## Exercise requirements
In the records below, repeat exactly the lines between the line holding "I'll leave a" and the line holding "So this is how", inclusive, and drop the pictures.

## Supplied data
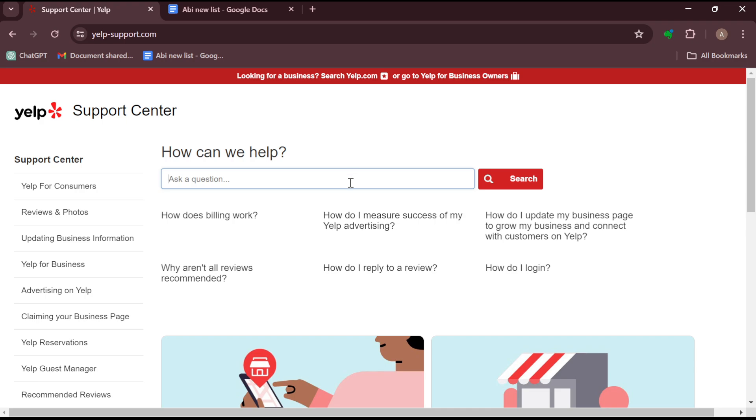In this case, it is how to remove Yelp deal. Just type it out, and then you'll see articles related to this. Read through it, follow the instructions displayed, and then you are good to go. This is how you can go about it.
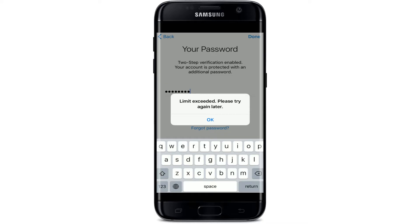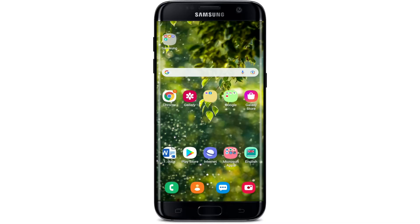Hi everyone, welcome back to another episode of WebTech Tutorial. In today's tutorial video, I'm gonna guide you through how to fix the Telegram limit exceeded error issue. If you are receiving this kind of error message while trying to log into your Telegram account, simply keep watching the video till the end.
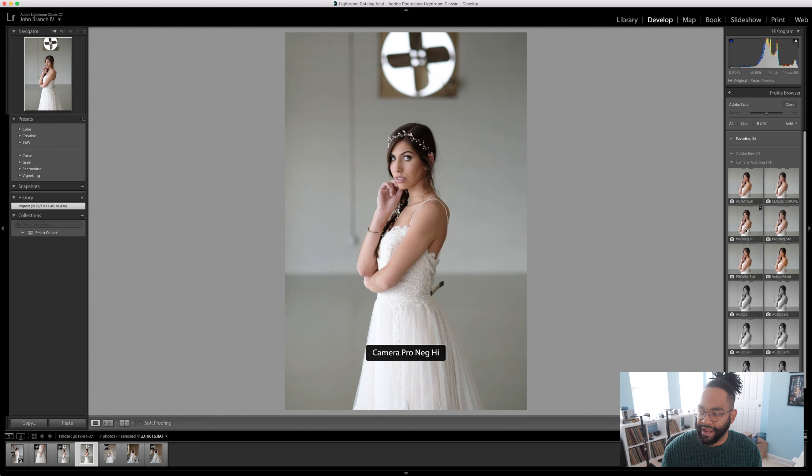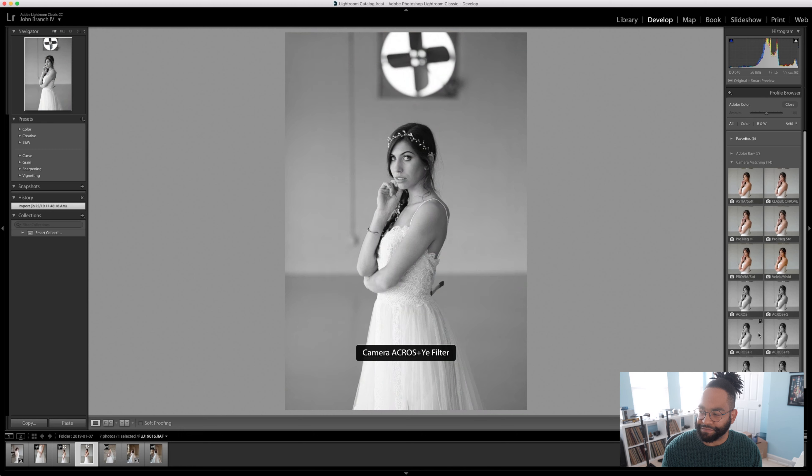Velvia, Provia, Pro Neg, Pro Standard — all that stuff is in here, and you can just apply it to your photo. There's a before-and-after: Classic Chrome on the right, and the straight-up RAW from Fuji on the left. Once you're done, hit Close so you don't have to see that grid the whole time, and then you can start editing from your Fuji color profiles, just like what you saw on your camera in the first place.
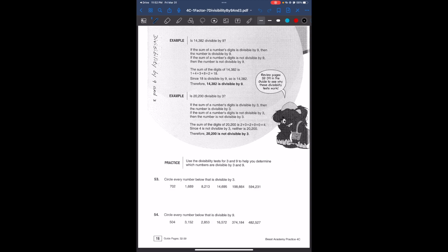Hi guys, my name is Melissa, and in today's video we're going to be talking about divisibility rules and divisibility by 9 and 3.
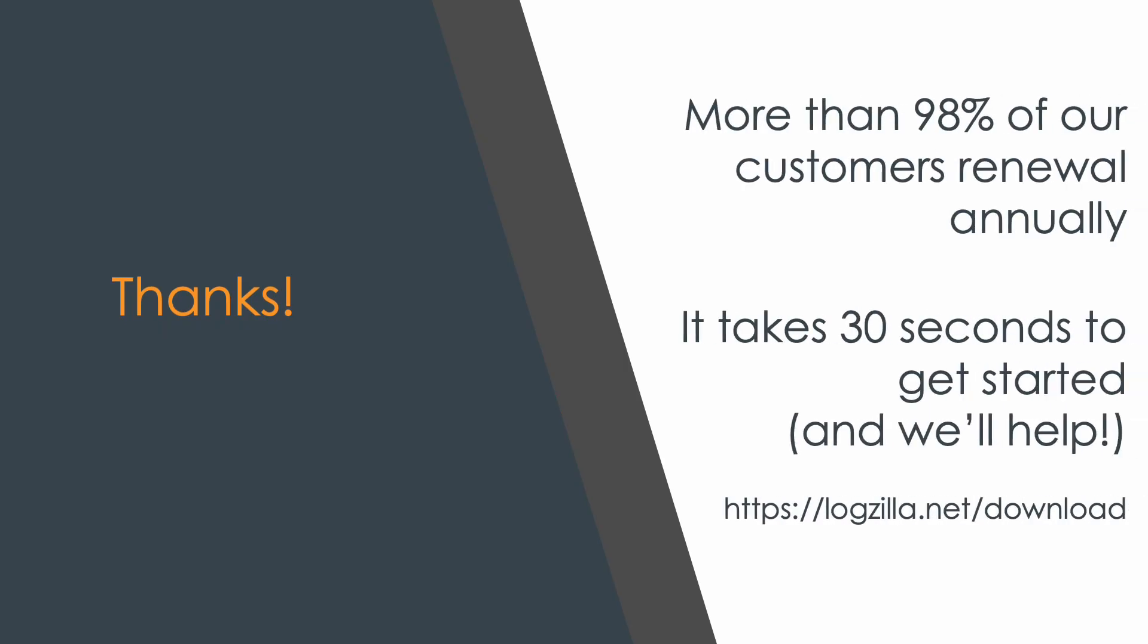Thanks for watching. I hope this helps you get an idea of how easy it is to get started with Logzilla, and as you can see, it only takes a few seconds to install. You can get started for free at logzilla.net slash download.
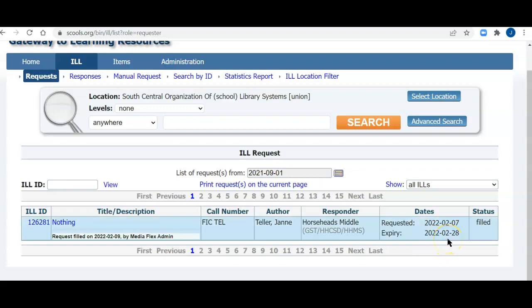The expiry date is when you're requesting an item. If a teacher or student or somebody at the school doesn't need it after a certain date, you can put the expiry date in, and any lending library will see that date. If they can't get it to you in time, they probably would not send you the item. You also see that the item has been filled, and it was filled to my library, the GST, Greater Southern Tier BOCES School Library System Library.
==
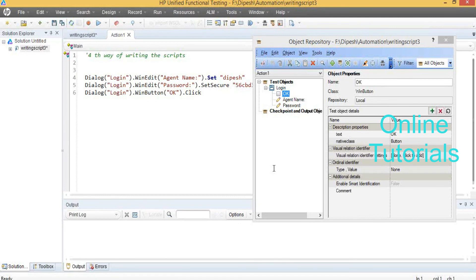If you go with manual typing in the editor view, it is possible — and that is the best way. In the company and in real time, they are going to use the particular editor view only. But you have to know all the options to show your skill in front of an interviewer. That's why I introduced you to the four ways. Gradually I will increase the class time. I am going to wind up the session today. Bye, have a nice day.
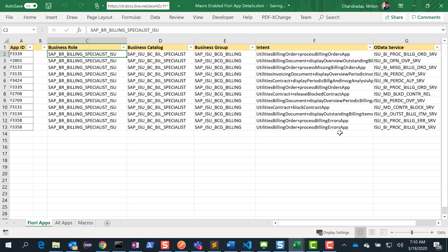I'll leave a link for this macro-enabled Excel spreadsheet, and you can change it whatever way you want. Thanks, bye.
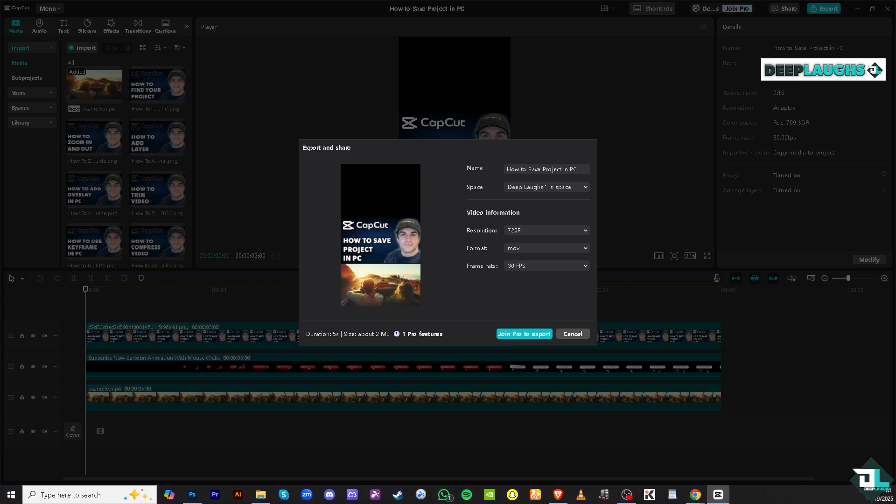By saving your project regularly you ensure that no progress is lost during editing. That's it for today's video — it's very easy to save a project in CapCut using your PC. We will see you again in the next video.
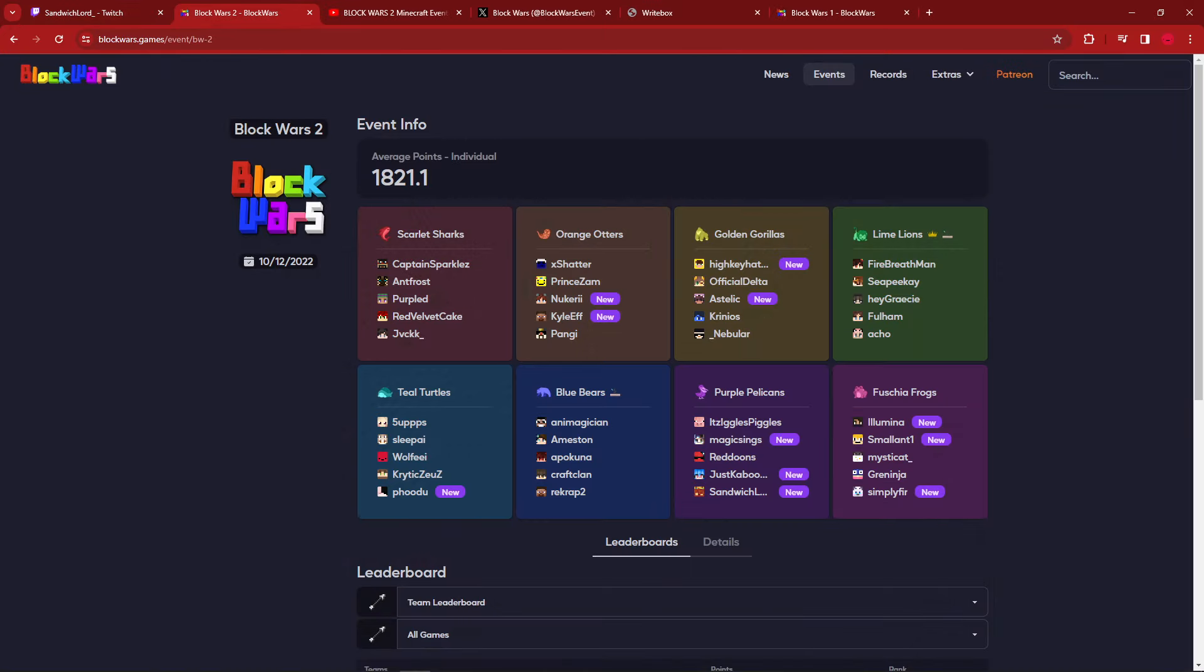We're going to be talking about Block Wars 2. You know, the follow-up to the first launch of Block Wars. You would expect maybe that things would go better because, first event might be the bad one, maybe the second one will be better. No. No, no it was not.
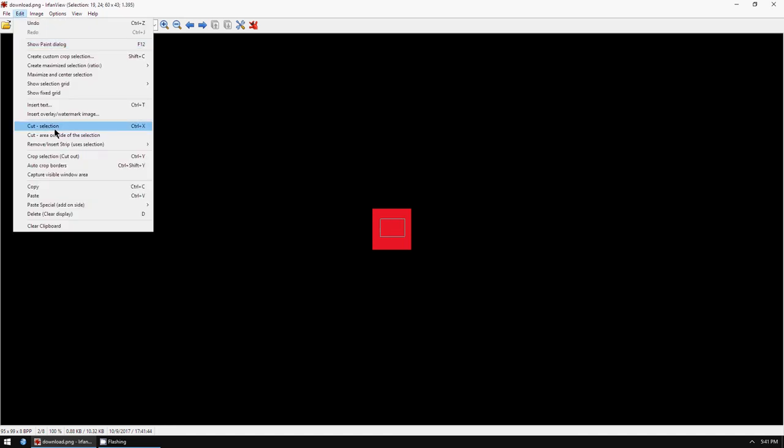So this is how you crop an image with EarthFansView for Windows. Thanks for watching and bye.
...
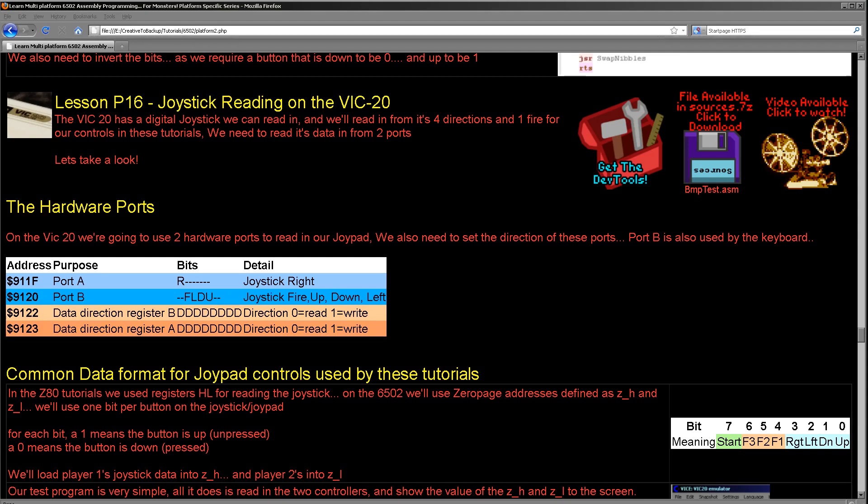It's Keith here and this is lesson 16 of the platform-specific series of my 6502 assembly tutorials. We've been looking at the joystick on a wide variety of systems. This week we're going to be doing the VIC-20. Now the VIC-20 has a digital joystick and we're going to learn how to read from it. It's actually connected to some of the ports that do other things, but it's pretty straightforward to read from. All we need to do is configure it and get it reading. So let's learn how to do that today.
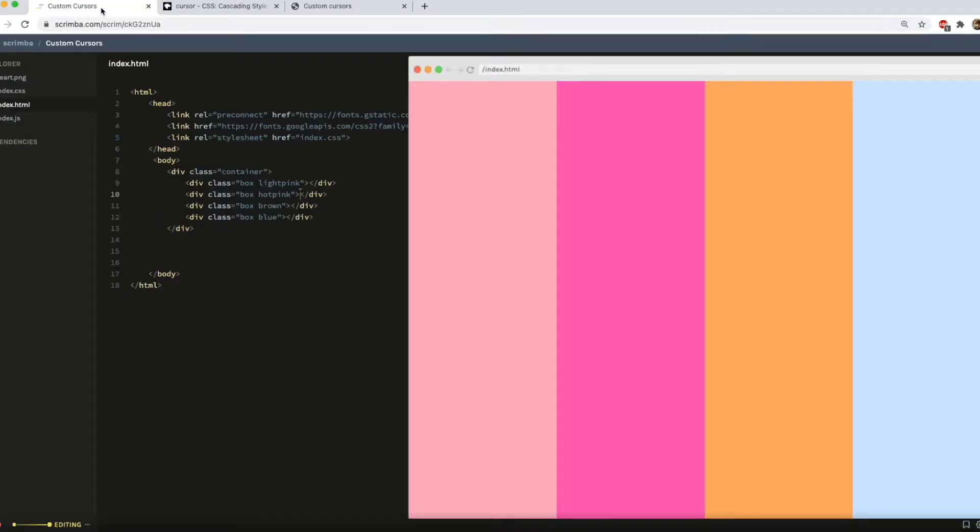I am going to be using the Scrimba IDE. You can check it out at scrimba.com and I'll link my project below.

## Result
I'll leave a link for this macro-enabled Excel spreadsheet, and you can change it whatever way you want. Thanks, bye.
By saving your project regularly you ensure that no progress is lost during editing. That's it for today's video — it's very easy to save a project in CapCut using your PC. We will see you again in the next video.
We're going to be talking about Block Wars 2. You know, the follow-up to the first launch of Block Wars. You would expect maybe that things would go better because, first event might be the bad one, maybe the second one will be better. No. No, no it was not.
So this is how you crop an image with EarthFansView for Windows. Thanks for watching and bye.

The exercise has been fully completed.